Employment in the European bioeconomy did not keep pace with the rising turnover figures, but declined slightly from 18.5 million people in 2017 to a total of 18.4 million people in 2018, largely due to efficiency increases in production. Primary biomass production, mainly agriculture, accounts for over half of the jobs (54%) in the bioeconomy, but contributes only 20% to the overall turnover.
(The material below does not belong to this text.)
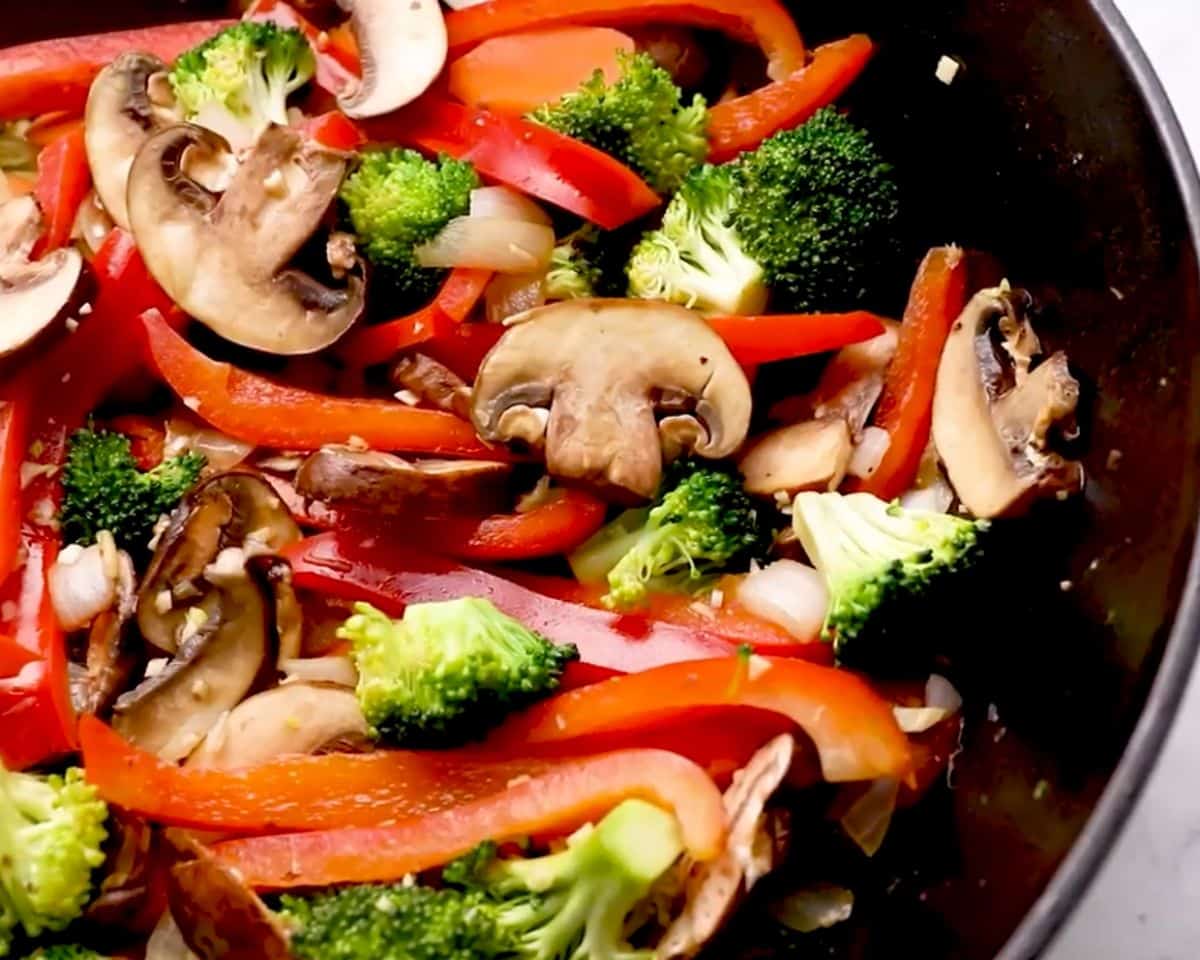 Fresh broccoli, red bell peppers, mushrooms, carrots, and onions sautéing in a skillet for homemade chicken stir fry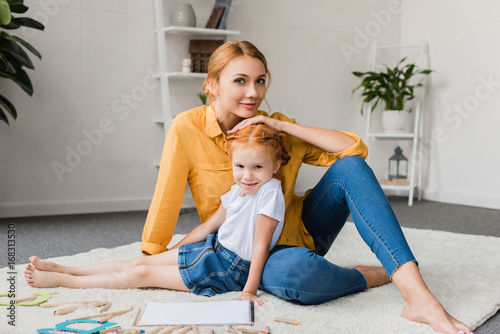 mother and daughter sitting on floor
The data also demonstrate clear differences between groups of Member States. The Central and Eastern European countries of Poland, Romania and Bulgaria tend to be more highly represented in the lower value-added sectors of the bio-based economy. These sectors also produce many jobs. This indicates a strong agricultural sector that tends to be labour-intensive compared to the high value-added sectors. In comparison, Western and Northern European countries generate much higher turnover relative to employment, indicating a larger share of refining and value-added industries. The countries with the highest turnover-to-employment ratios are Finland, Belgium and Sweden.
Looking ahead, it will be interesting to see what the impact of the European Green Deal introduced in 2019 will be on the European bioeconomy. In general, the policy framework in which the bioeconomy operates is subject to continual revisions, changes and even additional measures.
In July of this year, for example, the European Commission adopted a package of proposals to make the EU's climate, energy, land use, transport and taxation policies fit for reducing net greenhouse gas emissions by at least 55% by 2030, compared to 1990 levels, introducing significant changes within its regulatory framework. How these changes will affect the bioeconomy and whether the slow but steady growth of the bioeconomy in the EU will continue or even be accelerated will be tracked and published in future reports.
The first report in this series on the growth of the European bioeconomy was commissioned by the Bio-based Industries Consortium (BIC) in 2017. The Bio-based Industries Consortium (BIC) is the private partner in the 3.7 EUR billion public-private partnership with the EU - the Bio-based Industries Joint Undertaking (BBI JU). It comprises over includes 240 industry members covering the entire value chain, as well as over 200 associate members, including research organisations, academia and trade associations.